━━━ Records provided ━━━

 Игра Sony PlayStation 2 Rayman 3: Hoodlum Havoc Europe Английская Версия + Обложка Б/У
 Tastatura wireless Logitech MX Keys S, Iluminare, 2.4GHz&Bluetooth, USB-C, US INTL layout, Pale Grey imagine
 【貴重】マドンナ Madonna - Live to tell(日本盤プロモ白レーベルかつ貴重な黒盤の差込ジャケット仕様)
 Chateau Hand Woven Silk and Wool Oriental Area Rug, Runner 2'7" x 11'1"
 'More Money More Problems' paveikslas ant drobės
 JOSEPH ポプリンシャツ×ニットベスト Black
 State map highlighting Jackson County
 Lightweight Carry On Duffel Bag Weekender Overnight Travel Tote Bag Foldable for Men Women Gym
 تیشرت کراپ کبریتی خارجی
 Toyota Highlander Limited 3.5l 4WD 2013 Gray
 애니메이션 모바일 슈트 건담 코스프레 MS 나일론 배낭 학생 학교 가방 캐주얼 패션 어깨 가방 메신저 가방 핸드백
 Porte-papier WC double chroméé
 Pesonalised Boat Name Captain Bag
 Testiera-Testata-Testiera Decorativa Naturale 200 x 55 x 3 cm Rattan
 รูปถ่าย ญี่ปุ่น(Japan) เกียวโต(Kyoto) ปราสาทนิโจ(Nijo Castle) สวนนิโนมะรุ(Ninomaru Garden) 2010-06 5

━━━

• Task requirements: After the last line, print all the entries once again, unchanged.

• Result of this exercise:
 Игра Sony PlayStation 2 Rayman 3: Hoodlum Havoc Europe Английская Версия + Обложка Б/У
 Tastatura wireless Logitech MX Keys S, Iluminare, 2.4GHz&Bluetooth, USB-C, US INTL layout, Pale Grey imagine
 【貴重】マドンナ Madonna - Live to tell(日本盤プロモ白レーベルかつ貴重な黒盤の差込ジャケット仕様)
 Chateau Hand Woven Silk and Wool Oriental Area Rug, Runner 2'7" x 11'1"
 'More Money More Problems' paveikslas ant drobės
 JOSEPH ポプリンシャツ×ニットベスト Black
 State map highlighting Jackson County
 Lightweight Carry On Duffel Bag Weekender Overnight Travel Tote Bag Foldable for Men Women Gym
 تیشرت کراپ کبریتی خارجی
 Toyota Highlander Limited 3.5l 4WD 2013 Gray
 애니메이션 모바일 슈트 건담 코스프레 MS 나일론 배낭 학생 학교 가방 캐주얼 패션 어깨 가방 메신저 가방 핸드백
 Porte-papier WC double chroméé
 Pesonalised Boat Name Captain Bag
 Testiera-Testata-Testiera Decorativa Naturale 200 x 55 x 3 cm Rattan
 รูปถ่าย ญี่ปุ่น(Japan) เกียวโต(Kyoto) ปราสาทนิโจ(Nijo Castle) สวนนิโนมะรุ(Ninomaru Garden) 2010-06 5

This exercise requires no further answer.